Aujourd'hui, c'est le 71e anniversaire des conventions de Genève... Qu'est-ce que c'est exactement ?

Il y a 71 ans jour pour jour, en 1949, le Comité international de la Croix-Rouge signait la première convention de Genève sur la protection des soldats et blessés malades sur terre en temps de guerre. Après celle-ci, quatre autres conventions furent signées. Découvrez ici ce que signifient ces conventions.

Mais les conventions de Genève, qu’est-ce que c’est ?

Les conventions établissent « le droit de la guerre ». Elles fixent ce que l’on peut et ce que l’on ne peut pas faire en temps de conflit.

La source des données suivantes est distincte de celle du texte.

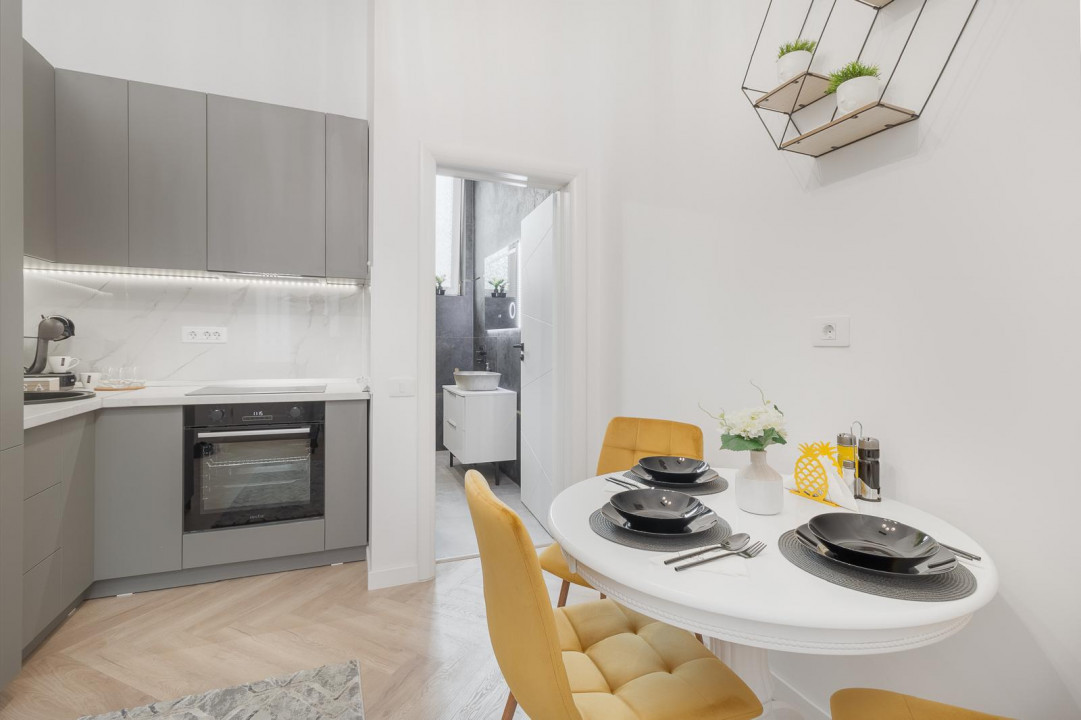Ultracentral | Studio Modern – in Palatul Ullmann - Parc 1 Decembrie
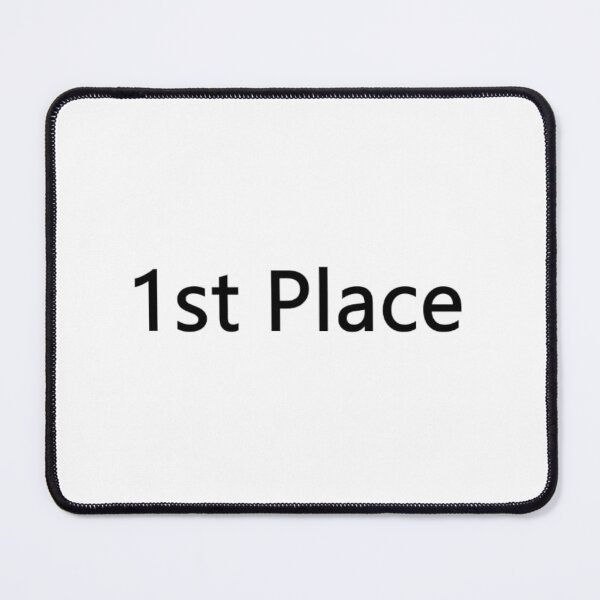 Item preview, 1st Place designed and sold by PabloBSanchez.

La première convention assure la protection des blessés et malades et du personnel sanitaire sur terre en temps de guerre. La deuxième, quant à elle, assure cette protection en mer. La troisième assure les conditions de détention des prisonniers de guerre. Ainsi, elle explique par exemple que les prisonniers de guerre seront libérés à la fin des hostilités. La quatrième convention concerne la protection de la population civile.

Aujourd’hui, ces conventions sont toujours d’application et sont adaptées régulièrement aux nouveaux conflits.

 

Fuir un conflit est un droit

La 4eme convention de Genève le mentionne : « Toute personne protégée (c’est-à-dire personne se trouvant au pouvoir d’une Partie au conflit ou d’une Puissance occupante dont elles ne sont pas ressortissantes) qui désirerait quitter le territoire au début ou au cours d’un conflit, aura le droit de le faire, à moins que son départ soit contraire aux intérêts nationaux de l’Etat. »

Partir mais pour aller où ?

La plupart des migrant·es fuyant les conflits se rendent dans leur pays voisins, qui parfois signifient aussi des conditions d’accueil précaires ou encore de l’exploitation.

C’est pourquoi certain·es choisissent de se rendre en Belgique. En mai 2020, parmi les demandeur·ses d’asile accueilli·es dans nos centres d’accueil,  10% sont palestinien·nes, 8% sont afghan·nes, 6% sont syrien·nes, 4% sont camerounais·es. Partir est pour eux et pour elles un moyen de fuir le conflit.